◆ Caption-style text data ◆

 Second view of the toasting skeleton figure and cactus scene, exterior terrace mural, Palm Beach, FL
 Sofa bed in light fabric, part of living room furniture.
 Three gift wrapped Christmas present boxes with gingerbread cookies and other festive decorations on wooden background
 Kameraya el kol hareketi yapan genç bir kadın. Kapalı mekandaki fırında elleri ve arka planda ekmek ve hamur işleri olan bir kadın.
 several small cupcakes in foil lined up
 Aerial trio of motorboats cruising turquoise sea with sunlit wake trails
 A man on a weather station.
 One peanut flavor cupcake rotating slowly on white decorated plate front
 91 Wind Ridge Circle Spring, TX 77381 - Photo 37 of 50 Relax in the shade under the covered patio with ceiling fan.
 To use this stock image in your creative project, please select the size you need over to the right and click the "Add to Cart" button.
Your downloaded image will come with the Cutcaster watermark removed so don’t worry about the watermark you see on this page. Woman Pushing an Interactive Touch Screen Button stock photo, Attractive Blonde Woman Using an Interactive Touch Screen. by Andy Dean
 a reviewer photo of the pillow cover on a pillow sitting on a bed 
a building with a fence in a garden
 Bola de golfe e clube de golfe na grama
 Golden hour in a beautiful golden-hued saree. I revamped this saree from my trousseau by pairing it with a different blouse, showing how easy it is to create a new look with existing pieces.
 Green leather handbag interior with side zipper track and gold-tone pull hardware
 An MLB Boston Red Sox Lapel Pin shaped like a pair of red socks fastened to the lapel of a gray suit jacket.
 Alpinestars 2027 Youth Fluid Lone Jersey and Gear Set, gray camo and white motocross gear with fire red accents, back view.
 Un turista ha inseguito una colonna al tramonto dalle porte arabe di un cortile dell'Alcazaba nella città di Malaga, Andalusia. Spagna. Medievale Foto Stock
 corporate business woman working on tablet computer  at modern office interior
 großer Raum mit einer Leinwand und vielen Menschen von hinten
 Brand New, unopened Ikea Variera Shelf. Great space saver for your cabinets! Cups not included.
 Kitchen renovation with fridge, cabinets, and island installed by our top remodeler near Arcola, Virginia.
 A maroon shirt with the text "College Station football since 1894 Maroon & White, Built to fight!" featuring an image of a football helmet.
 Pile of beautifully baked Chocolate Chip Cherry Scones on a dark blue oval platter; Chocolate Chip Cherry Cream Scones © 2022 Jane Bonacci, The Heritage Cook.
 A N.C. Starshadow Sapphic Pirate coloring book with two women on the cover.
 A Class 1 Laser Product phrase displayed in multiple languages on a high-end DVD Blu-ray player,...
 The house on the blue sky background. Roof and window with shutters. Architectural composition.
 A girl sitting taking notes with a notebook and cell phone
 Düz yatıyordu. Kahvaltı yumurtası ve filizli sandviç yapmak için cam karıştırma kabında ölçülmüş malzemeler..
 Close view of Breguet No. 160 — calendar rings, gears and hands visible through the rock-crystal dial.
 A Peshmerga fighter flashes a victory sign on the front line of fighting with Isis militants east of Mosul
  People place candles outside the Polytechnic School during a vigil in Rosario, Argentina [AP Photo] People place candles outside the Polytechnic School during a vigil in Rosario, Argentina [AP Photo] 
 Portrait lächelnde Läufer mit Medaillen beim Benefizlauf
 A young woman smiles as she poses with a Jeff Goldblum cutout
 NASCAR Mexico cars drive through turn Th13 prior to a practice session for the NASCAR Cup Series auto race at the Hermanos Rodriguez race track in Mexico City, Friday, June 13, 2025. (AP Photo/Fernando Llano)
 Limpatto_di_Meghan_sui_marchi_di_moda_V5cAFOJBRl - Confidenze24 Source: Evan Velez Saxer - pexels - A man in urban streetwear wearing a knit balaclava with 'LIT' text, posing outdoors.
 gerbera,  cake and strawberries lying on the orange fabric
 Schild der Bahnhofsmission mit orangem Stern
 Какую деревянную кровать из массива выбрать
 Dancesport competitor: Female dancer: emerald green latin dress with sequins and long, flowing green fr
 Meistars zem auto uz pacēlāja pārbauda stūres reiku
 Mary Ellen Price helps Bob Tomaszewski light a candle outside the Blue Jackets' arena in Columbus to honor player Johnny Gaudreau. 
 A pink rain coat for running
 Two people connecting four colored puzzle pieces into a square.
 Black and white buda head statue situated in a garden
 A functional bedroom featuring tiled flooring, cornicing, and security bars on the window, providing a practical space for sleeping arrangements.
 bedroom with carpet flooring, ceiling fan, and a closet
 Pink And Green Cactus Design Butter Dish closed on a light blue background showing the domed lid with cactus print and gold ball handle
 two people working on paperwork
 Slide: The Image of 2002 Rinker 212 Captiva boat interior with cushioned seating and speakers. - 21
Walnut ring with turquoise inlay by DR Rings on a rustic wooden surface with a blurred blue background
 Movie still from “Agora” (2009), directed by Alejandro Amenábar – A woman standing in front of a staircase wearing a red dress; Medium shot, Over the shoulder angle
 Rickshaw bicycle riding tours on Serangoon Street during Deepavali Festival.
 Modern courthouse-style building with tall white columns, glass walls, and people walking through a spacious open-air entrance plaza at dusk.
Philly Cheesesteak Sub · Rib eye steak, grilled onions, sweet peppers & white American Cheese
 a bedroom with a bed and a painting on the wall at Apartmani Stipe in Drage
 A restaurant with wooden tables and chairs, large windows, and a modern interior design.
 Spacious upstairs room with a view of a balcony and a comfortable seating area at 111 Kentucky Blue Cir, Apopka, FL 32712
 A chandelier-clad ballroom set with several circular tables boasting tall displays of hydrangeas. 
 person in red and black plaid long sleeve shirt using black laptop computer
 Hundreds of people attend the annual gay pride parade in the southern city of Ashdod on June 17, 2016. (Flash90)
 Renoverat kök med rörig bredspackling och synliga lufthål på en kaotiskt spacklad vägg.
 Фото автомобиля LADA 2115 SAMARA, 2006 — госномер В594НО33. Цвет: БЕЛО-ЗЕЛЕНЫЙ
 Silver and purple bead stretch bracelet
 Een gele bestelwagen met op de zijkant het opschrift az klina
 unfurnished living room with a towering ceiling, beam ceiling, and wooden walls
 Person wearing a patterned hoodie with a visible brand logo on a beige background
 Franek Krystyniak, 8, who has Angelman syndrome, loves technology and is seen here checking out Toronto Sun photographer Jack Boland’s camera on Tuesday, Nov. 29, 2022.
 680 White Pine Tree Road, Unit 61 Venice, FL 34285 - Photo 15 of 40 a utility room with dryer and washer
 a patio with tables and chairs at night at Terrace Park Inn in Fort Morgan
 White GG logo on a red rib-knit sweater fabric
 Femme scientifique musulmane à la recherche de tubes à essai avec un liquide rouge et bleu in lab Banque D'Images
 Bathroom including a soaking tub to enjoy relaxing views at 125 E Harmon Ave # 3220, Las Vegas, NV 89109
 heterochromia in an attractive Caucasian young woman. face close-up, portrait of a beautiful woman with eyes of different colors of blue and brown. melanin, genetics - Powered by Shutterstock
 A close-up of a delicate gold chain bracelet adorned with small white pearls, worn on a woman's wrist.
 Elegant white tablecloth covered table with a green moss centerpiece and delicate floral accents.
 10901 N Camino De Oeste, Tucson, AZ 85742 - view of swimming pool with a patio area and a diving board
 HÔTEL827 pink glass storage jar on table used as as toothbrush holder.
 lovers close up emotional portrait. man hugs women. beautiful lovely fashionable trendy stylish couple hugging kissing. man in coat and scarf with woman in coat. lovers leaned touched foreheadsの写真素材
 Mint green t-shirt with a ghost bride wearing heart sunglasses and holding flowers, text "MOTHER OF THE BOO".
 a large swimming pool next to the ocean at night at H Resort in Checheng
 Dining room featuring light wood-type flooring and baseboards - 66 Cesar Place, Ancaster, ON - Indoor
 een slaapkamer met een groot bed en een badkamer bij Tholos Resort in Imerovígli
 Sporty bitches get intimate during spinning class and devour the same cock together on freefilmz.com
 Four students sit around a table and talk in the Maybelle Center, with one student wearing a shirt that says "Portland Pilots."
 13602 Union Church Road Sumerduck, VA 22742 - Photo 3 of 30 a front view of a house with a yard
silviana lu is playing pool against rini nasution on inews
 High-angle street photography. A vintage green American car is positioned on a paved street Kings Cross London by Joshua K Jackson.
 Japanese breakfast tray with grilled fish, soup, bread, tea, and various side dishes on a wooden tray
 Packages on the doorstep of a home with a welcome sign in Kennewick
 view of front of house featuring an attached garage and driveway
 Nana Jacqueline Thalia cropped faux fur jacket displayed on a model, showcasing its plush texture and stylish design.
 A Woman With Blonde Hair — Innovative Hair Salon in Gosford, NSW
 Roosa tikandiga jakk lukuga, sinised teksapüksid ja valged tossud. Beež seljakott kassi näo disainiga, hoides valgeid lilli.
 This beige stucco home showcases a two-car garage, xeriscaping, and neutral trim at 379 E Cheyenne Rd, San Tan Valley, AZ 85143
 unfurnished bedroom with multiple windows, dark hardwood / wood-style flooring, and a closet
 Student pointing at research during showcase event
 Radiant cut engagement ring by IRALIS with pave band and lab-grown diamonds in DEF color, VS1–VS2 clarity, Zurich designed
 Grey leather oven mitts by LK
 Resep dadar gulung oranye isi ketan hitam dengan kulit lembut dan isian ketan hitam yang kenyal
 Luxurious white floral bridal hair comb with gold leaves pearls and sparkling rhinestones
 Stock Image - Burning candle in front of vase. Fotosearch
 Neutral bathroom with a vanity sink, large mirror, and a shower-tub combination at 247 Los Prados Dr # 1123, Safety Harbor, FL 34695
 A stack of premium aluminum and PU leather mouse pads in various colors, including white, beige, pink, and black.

◆ Task instructions ◆
Begin at the line that has "Four students sit" in the entries above; stop after the line that has "silviana lu is". Transcribe exactly those lines and no others.

◆ Problem solution ◆
 Four students sit around a table and talk in the Maybelle Center, with one student wearing a shirt that says "Portland Pilots."
 13602 Union Church Road Sumerduck, VA 22742 - Photo 3 of 30 a front view of a house with a yard
silviana lu is playing pool against rini nasution on inews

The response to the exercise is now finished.